InTheLoop | 06.26.2006
The weekly electronic newsletter for Berkeley Lab Computing Sciences employees
June 26, 2006
NERSC, CRD to Share Expertise at International Supercomputer Conference
When the International Supercomputer Conference convenes June 27-30 in Dresden, Germany, NERSC staff will share the center's expertise in a panel discussion, special briefing and poster session. Now in its 21st year, ISC2006 is Europe's leading HPC conference and will attract more than 800 attendees.
On Wednesday, June 28, NERSC Division Director Horst Simon will discuss Petascale Computing in the U.S. and an analyst briefing sponsored by IDC. On Friday, June 30, Simon will chair a conference session on The Asian Attack, a look at the growing role of supercomputing in Asia.
On Wednesday evening, NERSC Division Deputy Bill Kramer will co-chair a panel discussion on Acquisition and Operation of an HPC System.
Both Kramer and Simon will serve as presenters during the conference poster session, discussing aspects of the NERSC Global Filesystem, which provides seamless data access across the five different HPC systems at NERSC.
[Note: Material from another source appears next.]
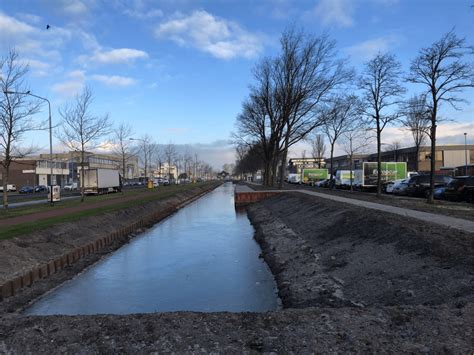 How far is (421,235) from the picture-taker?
11.3 meters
Also, Erich Strohmaier of CRD's Future Technologies Group will present the 27th TOP500 list of the world's supercomputers during the conference opening session on Wednesday.
SciDAC 2006 Conference Features Berkeley Lab Research
Berkeley Lab's research in computer science, computational science, and applied mathematics is well represented at the SciDAC 2006 conference, being held today through Thursday (June 2629) in Denver. The conference brings together three hundred researchers to highlight scientific discoveries and advances made under the DOE Office of Science's Scientific Discovery through Advanced Computing program, now in its fifth year.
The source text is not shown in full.